Sign at exhibit entrance.
(All photographs are mine, unless otherwise indicated; Los Angeles County Museum of Art, June 2019)
Display of 21 precious gems from Sri Lanka.

The power of “jewels” is one of the key organizing themes that run throughout the exhibit, linking the human attraction to precious gemstones with two foundational forms of Buddhist practice: taking refuge in the “triple gem” of the Buddha, Dharma, and Sangha, and activities centered on the Buddha’s bodily relics, which have long been symbolically and physically linked with precious stones. Buddha relics are typically enclosed in two different kinds of containers, both of which appear throughout the exhibit: in the massive relic monuments (stupas) that spatially and ritually define important Sri Lankan Buddhist devotional sites (displayed here on palm-leaf manuscript covers and as captured by 19th-century colonial photographers), and in stupa-shaped reliquaries, which are either permanently enshrined in stupas or serve as moveable relic containers for devotional purposes.
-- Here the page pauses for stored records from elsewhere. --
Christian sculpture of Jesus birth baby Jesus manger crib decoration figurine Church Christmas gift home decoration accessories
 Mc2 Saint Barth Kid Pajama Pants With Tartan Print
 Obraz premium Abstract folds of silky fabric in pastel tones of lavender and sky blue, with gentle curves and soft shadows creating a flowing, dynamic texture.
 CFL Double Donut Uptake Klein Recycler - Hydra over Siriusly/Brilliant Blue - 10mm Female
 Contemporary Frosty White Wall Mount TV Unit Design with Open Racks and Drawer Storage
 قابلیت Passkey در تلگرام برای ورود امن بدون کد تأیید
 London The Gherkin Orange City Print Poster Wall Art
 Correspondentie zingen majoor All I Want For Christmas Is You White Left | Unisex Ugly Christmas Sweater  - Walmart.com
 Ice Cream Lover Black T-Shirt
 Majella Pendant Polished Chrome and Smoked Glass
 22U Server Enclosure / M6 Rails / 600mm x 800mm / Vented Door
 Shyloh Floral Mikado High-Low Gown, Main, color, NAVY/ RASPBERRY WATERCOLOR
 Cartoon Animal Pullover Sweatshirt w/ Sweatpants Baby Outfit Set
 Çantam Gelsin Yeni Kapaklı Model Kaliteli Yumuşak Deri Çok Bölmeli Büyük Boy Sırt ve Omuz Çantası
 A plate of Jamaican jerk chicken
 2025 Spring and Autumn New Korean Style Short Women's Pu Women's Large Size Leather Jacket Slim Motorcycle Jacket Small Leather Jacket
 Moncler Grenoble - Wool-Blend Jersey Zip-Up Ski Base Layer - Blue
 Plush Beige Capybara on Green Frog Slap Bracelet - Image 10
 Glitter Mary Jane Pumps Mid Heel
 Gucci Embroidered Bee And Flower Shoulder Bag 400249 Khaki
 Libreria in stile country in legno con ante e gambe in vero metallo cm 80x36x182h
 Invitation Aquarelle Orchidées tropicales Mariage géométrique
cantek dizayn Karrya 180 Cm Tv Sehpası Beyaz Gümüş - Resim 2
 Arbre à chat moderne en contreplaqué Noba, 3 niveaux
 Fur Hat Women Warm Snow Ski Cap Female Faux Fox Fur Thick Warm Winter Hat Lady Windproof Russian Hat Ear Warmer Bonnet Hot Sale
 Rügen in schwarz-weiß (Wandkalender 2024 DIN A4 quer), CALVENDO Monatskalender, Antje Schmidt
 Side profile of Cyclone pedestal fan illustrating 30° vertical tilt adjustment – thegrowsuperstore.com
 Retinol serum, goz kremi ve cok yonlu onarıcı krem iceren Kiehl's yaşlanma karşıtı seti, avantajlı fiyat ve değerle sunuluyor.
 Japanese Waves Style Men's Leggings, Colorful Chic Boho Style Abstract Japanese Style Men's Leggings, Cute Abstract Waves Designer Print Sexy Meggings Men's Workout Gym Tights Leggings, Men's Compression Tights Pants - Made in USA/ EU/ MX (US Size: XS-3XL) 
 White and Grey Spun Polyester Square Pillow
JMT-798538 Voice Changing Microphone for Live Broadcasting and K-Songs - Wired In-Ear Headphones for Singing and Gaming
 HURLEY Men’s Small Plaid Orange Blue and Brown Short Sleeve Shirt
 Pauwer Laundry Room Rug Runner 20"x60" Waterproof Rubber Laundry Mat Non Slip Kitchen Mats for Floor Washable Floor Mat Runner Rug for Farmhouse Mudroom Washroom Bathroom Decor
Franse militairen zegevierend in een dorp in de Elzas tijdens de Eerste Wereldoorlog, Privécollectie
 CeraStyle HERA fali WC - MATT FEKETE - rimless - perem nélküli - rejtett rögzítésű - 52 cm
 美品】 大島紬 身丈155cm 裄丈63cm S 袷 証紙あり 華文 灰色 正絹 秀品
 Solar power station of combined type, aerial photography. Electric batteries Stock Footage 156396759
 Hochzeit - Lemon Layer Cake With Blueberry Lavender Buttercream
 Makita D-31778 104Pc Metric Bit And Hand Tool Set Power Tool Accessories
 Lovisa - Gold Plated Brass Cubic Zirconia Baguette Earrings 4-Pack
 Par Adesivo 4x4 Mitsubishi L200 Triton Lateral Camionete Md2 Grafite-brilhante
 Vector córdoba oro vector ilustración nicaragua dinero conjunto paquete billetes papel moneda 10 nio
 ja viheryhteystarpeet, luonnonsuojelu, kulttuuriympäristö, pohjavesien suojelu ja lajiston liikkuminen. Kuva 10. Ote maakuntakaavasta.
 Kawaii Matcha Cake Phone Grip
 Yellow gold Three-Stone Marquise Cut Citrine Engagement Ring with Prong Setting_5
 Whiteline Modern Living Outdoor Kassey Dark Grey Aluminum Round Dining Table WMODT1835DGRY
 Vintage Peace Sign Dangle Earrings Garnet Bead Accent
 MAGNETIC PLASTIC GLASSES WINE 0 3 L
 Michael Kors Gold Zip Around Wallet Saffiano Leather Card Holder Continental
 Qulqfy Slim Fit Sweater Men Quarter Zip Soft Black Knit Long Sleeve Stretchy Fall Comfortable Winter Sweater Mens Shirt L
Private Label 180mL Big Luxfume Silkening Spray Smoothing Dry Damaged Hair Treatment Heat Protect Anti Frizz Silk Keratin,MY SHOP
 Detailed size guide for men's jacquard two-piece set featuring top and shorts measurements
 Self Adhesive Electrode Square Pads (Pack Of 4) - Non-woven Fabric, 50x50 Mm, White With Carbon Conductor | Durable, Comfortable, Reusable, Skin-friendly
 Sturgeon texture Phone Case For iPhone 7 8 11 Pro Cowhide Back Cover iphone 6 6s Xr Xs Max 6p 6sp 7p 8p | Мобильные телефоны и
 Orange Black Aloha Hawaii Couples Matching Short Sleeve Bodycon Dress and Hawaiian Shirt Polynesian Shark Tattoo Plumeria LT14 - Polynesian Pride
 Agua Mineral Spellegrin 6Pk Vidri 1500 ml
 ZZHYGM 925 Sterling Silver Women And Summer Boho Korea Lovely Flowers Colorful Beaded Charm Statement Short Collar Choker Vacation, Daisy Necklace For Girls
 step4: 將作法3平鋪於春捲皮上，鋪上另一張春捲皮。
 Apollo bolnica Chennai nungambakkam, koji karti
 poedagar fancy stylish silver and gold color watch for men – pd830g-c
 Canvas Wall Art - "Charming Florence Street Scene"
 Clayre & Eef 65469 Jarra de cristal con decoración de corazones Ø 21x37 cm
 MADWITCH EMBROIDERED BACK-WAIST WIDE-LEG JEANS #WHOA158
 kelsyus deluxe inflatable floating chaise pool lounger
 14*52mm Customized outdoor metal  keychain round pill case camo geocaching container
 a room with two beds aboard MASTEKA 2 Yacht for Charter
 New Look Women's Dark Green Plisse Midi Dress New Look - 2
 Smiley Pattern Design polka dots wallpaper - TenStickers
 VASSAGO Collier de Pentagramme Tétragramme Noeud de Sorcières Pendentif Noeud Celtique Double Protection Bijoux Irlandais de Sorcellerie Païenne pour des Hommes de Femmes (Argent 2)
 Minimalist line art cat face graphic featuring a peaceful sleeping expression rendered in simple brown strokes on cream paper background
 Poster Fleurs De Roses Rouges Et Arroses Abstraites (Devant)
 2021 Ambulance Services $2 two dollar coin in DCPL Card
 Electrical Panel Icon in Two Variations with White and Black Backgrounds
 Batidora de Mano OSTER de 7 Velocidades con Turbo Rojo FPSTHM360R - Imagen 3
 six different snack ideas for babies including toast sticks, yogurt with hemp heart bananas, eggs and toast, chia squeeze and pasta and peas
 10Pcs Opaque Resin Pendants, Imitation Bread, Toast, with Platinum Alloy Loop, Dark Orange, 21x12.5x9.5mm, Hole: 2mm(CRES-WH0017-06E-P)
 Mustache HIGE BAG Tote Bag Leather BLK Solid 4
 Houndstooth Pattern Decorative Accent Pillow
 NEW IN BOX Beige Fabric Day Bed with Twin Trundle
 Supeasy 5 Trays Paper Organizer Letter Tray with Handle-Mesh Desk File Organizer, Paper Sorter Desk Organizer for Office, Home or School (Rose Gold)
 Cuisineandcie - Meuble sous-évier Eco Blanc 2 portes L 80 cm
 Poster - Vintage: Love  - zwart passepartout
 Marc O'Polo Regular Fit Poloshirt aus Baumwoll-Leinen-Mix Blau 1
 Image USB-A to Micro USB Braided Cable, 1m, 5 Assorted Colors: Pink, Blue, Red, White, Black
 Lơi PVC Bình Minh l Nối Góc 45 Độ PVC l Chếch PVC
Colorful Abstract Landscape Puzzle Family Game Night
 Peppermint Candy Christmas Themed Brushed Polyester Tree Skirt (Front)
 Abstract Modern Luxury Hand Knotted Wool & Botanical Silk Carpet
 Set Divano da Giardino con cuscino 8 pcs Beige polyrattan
Several examples of reliquaries, labeled “votive stupas,” appear throughout the exhibit, dating from the 2nd-3rd century to the 19th century.

Rock crystal reliquary, 2nd-3rd cent.
Ivory reliquary, 17th-18th cent. Ebony reliquary, 19th cent.
Two illustrated palm-leaf manuscript covers (inside surface); the top pair (18th-19th cent.) are wood overlaid with inscribed silver; the bottom pair (19th cent.) are painted wood. Both include depictions of the 16 great pilgrimage sites associated with the tradition of Gotama Buddha’s three visits to the island; the upper set also depicts the bodhisattva’s encounter with 24 previous Buddhas prior to his final rebirth as Siddhartha, and the first seven weeks after his enlightenment. Together they illustrate the extended life of the Buddha, beginning with his first aspiration to Buddhahood countless ages ago, his three visits to the island during his lifetime, and his post-death connection to sixteen places across the island where his physical relics continue to mediate his presence in the world.
Detail, showing (above) the bodhisattva’s encounter with previous Buddhas and (below) the first seven weeks following his enlightenment at Bodhgaya.
Detail from gallery card.

These containers for precious materials evoke another key theme threading throughout the exhibition: the island itself as a physical container, bounded by water, and defined by the comings and goings of different groups of people throughout its long history. As the gallery card provided for the gemstone exhibit notes, in the early centuries of the Common Era the island was known as “Ratnadvipa” (Island of Gems), and legends developed that the gems found there originated from the tears of the Buddha, or of Adam and Eve. Medieval Christian and Islamic texts preserve a tradition that it was the site of Paradise. The island, with its strategic location for global trade and valuable natural resources and commodities (e.g., spices, gems, rubber, coffee, tea), has exerted a powerful centripetal force, attracting diverse groups of outsiders defined by a multiplicity of identity markers (including racial, ethnic, linguistic, and religious differences). Sinhalas, the largest ethnic group in Sri Lanka, trace their origins to North India, and the traditional account of their migration to the island is closely linked to the life of the Buddha: Vijaya, their legendary progenitor, is said to have set foot on the island on the day of Gotama Buddha’s parinibbāna (final passing away). Tamils, who are predominantly Hindu, constitute the second largest ethnic group, and they trace their origins to groups of settlers from South India. Other ethnic groups include the Väddas, an indigenous group whose ancestors are regarded as predating the arrival of the Sinhalas; Moors, descended from Arab-speaking traders, who are predominantly Muslim; and Malays, also predominantly Muslim, whose ancestors came from the Malay Archipelago. Sri Lanka was also populated by three successive groups of European colonizers, beginning with the Portuguese in the early 16th century, followed be the Dutch in the 17th century, and finally the British who gained complete control of the island, then called Ceylon, in 1815 and ruled it as a British crown colony until its independence in 1948. The Burghers, a Eurasian community defined by links to a paternal ancestor of European descent, constitute an additional group.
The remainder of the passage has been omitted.